**Action item**
Could the data below be printed out exactly, with the pictures left out?

**Collected data**
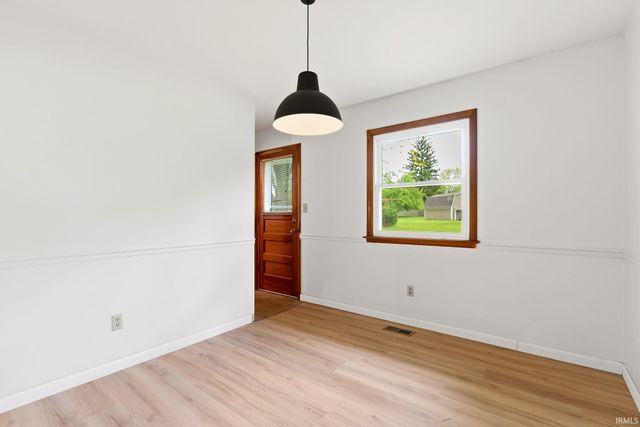 6515 W Hills Road, Fort Wayne, IN 46804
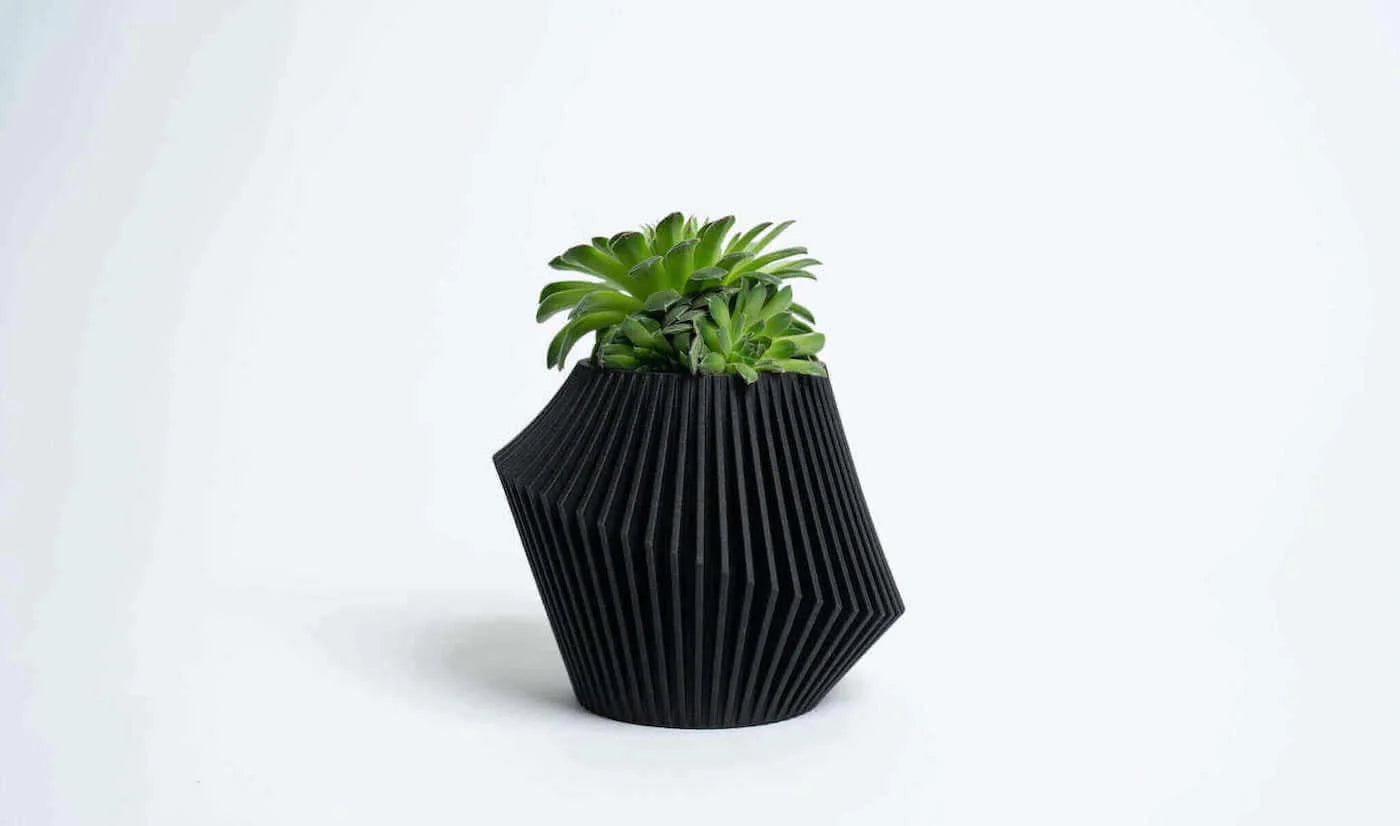 Disc Black planter.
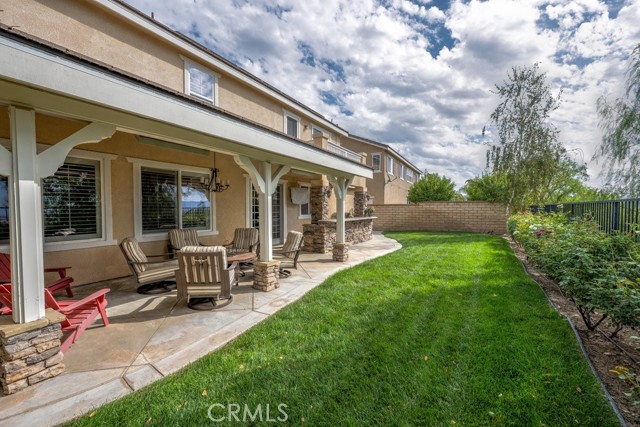 24030 Via Vizcaya, Valencia CA: https://media.crmls.org/medias/806266ae-33bc-4e89-8591-dec1ea98382e.jpg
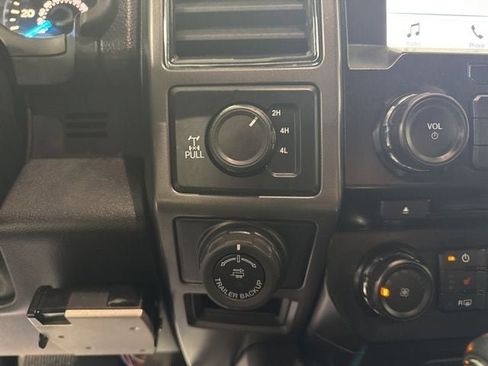 Used 2017 Ford F150 XLT w/ Equipment Group 302A Luxury image 31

**Answer space**
 6515 W Hills Road, Fort Wayne, IN 46804
 Disc Black planter.
 24030 Via Vizcaya, Valencia CA: https://media.crmls.org/medias/806266ae-33bc-4e89-8591-dec1ea98382e.jpg
 Used 2017 Ford F150 XLT w/ Equipment Group 302A Luxury image 31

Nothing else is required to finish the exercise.